Re: Strategic Direction LO2714

Michael McMaster (Michael@kbddean.demon.co.uk)
Thu, 7 Sep 1995 14:22:10 +0000

Replying to LO2681 --

Paul's concerns about "no one looking out for the whole" are valid in
the experience of many of us. More dangerous than that by far is
that each may compete against each other, possibly in covert ways,
and actually be more or less intentionally destroying the whole.

However, I do want to offer another possible interpretation and a
design possibility for a move which will distribute the function.
I'm using "distribute" to point out the inferences already in the
choice of language used by Paul - namely "fragmenting".

It is posisible that the strategic design accountability will be more
effective when more distributed. Even without a single person
concerned for the whole.

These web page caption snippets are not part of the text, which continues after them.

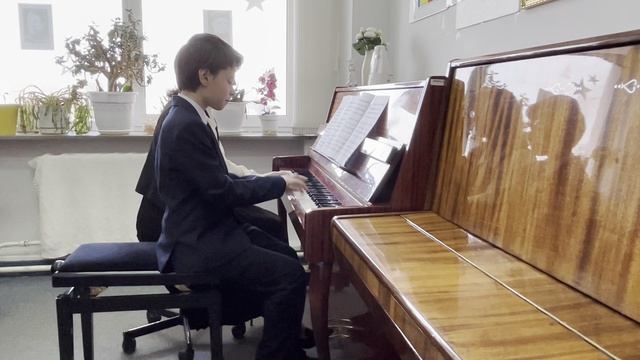 Головач Дм.-Мельникова К.Ю.    Дж. Херман Хеллоу, Долли!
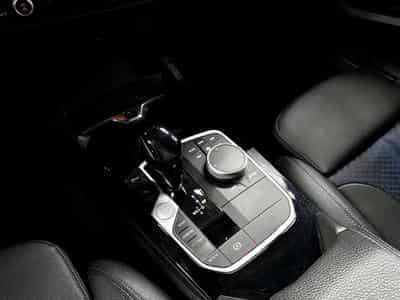 BMW 118 SERIE 1 118I M-SPORT AUTO 140 CV **ATTELAGE** (2019) - Photo 15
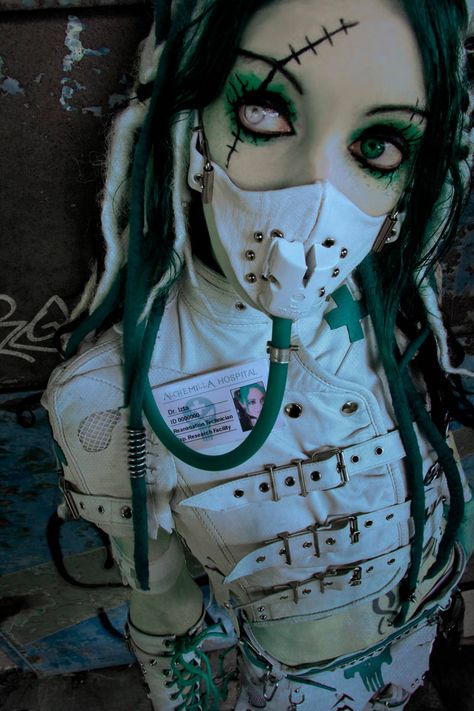 Zombie Photo, Gothic Mode, Horror Make-up, Halloween Make Up, Gothic Beauty, White Face, Gothic Girls, Halloween Make, Costume Makeup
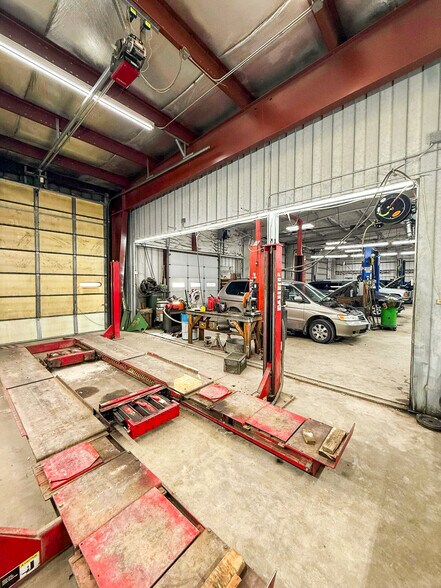 More Photos Of 41 5th Ave S, Kindred Specialty For Sale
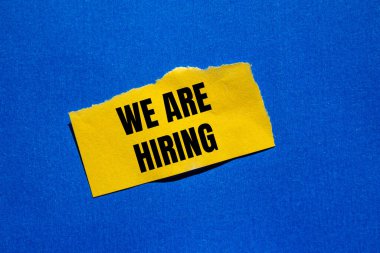 Yırtık sarı kağıt parçasına mavi arka planlı bir mesaj yazıyoruz. Kavramsal olarak sembol kiralıyoruz. Boşluğu kopyala.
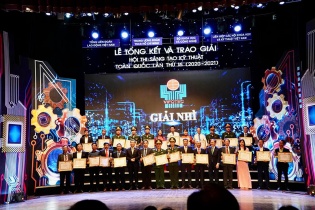 ThaiBinh Seed đoạt giải Nhì Hội thi VIFOTEC với giống ngô nếp TBM18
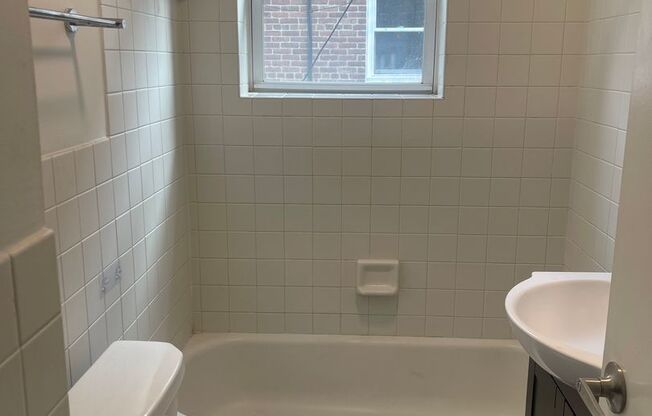 1 bed, 1 bath, 500 sqft, $1,325, Unit 308
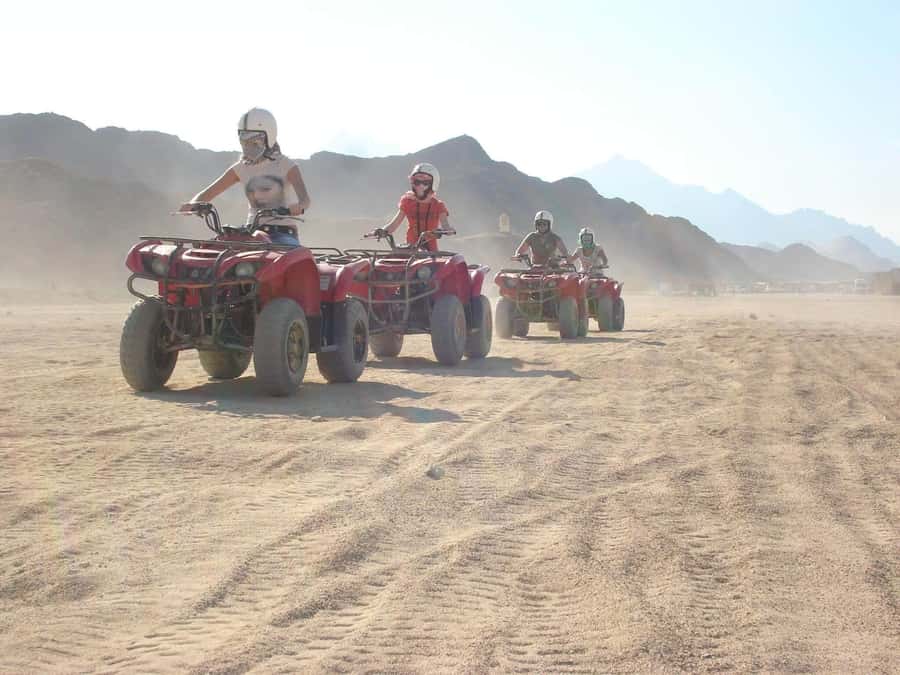 Desert Sunset Quad Bike ATV for 50Km, Oriental Show, Dinner, - Quad Bike Desert Day: 50 km of dunes plus Bedouin night
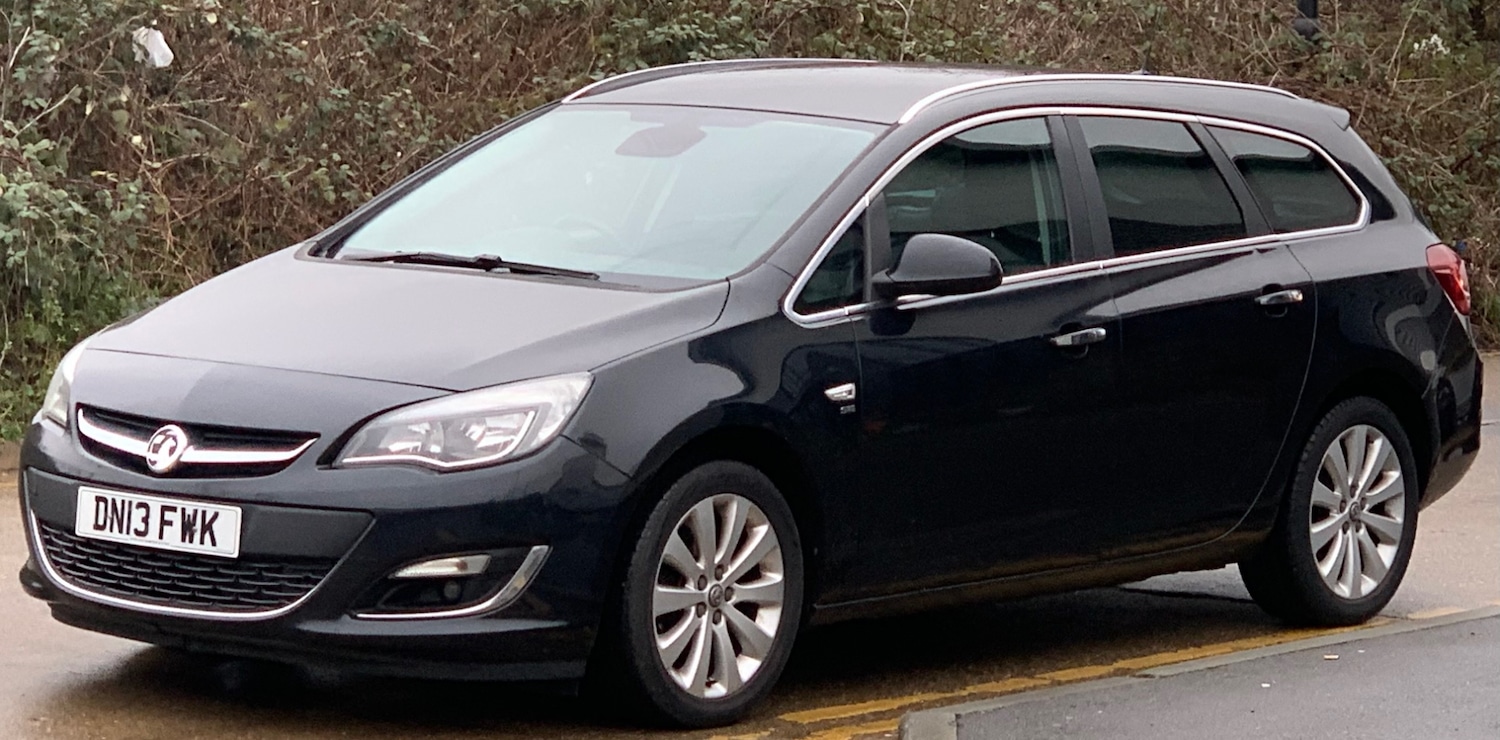 Used Vauxhall Astra 2013 for sale - 77179978: Photo 5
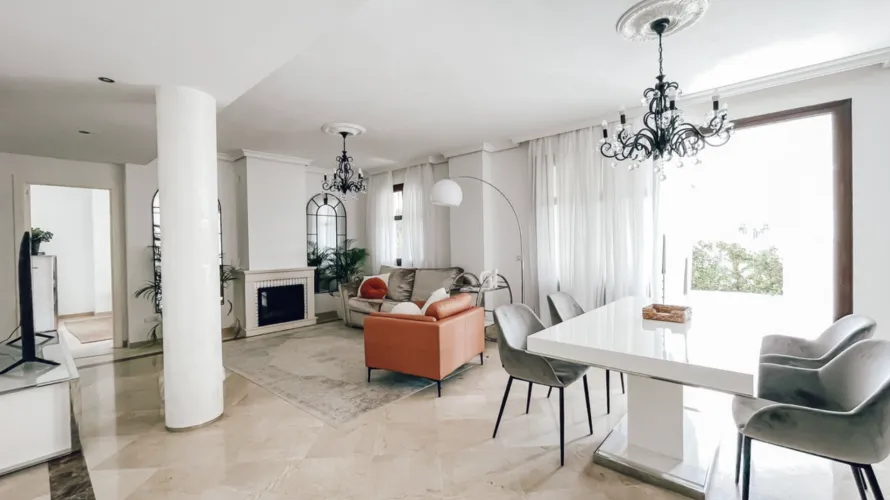 Apartamento de 2 dormitorios en Marbella, Spain No. 590 № 3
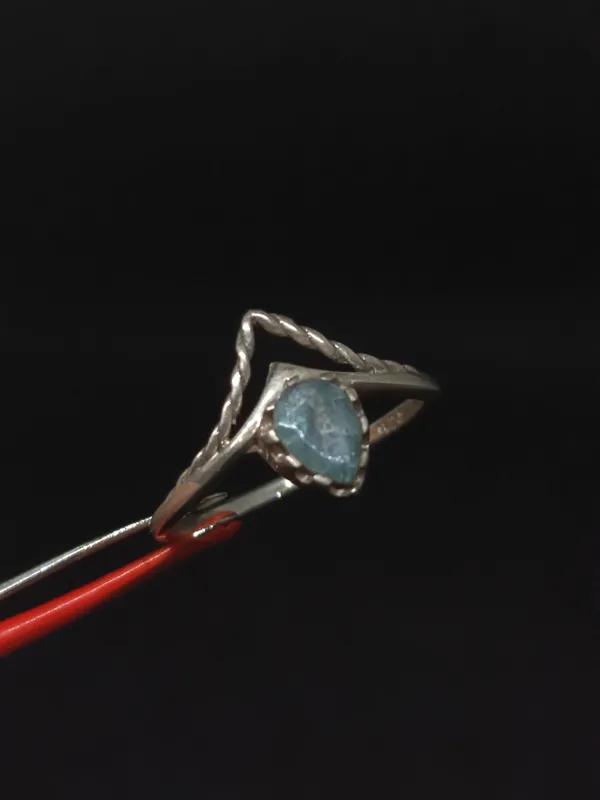 Anillo de plata 925 con piedra en bruto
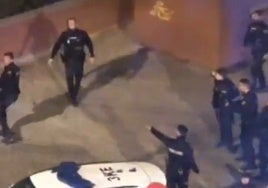 El atraco con navaja de unos menores acaba en una batalla contra la Policía en Valdebernardo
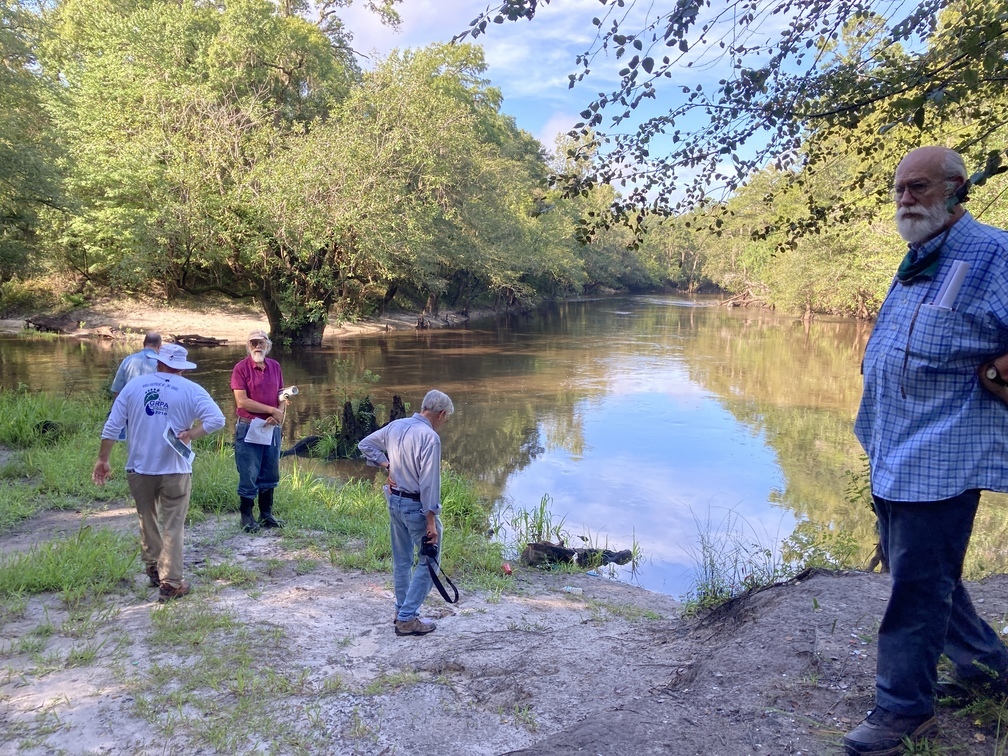 Withlacoochee River comes in from left, continues ahead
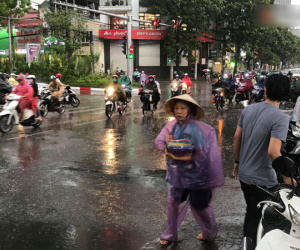 Mây đen giăng kín bầu trời, mưa giông 'giải nhiệt' cho Hà Nội sau đợt nắng nóng kinh hoàng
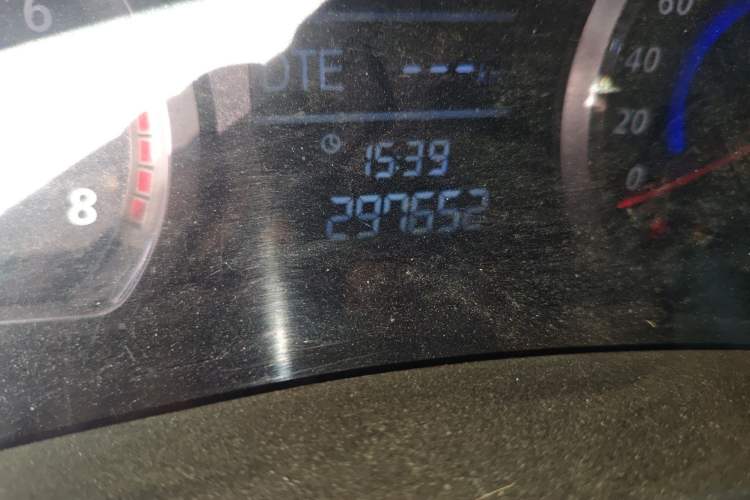 Used Zotye Z300 2014 1.5L Value Edition Manual Elite Model Odometer Close Up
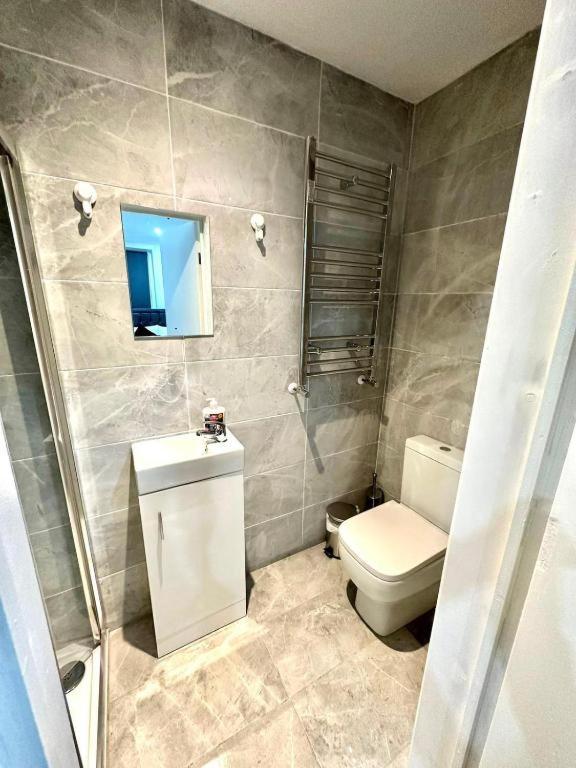 Hounslow Suites - Tw3 Luaran gambar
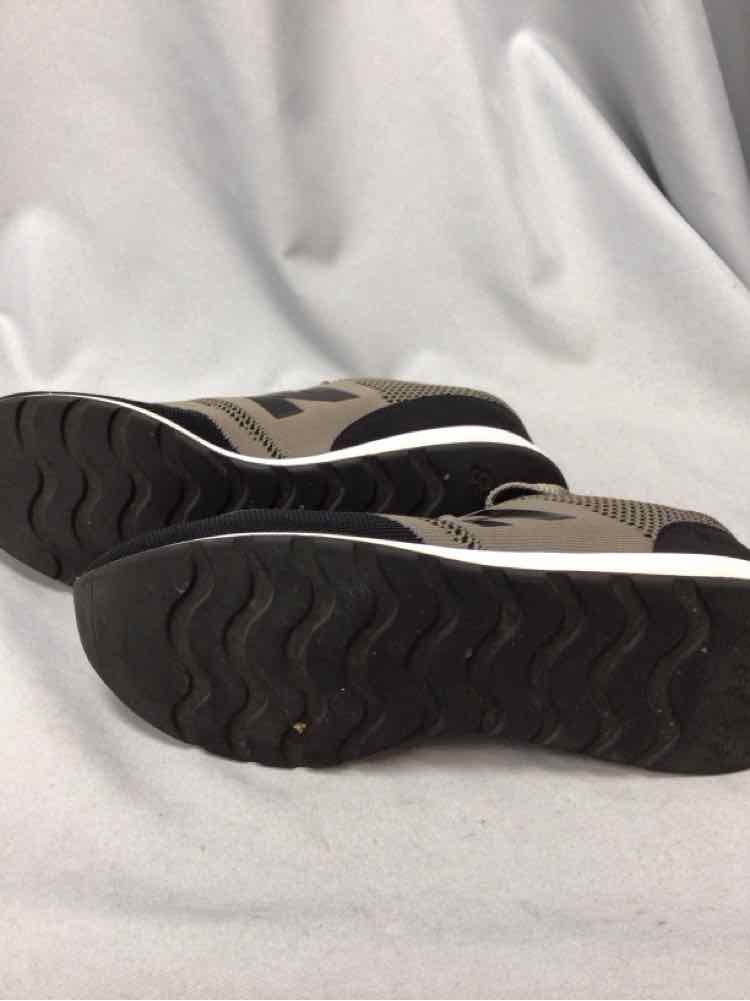 SIZE 13 NEW BALANCE Men's SHOES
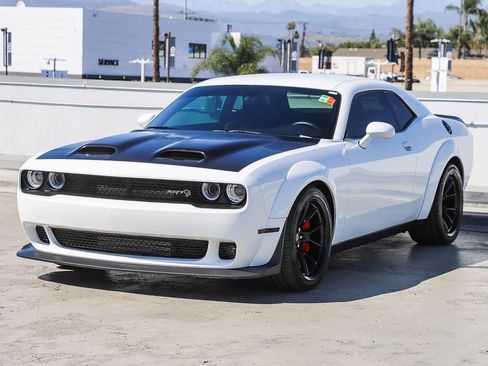 Used 2022 Dodge Challenger SRT Hellcat Redeye image 4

Surely there is still some other person or
group who is concerned for the whole. The possible advantage arises
from the condition of the space of possibility being too large to
fully explore and too complex to evaluate optimimums. That means,
that any single choice can easily get stuck in an apparently good
strategy which is merely a local peak which is also fairly low
compared to others not discovered. Distribution can support the
exploration of more of the space of possibility.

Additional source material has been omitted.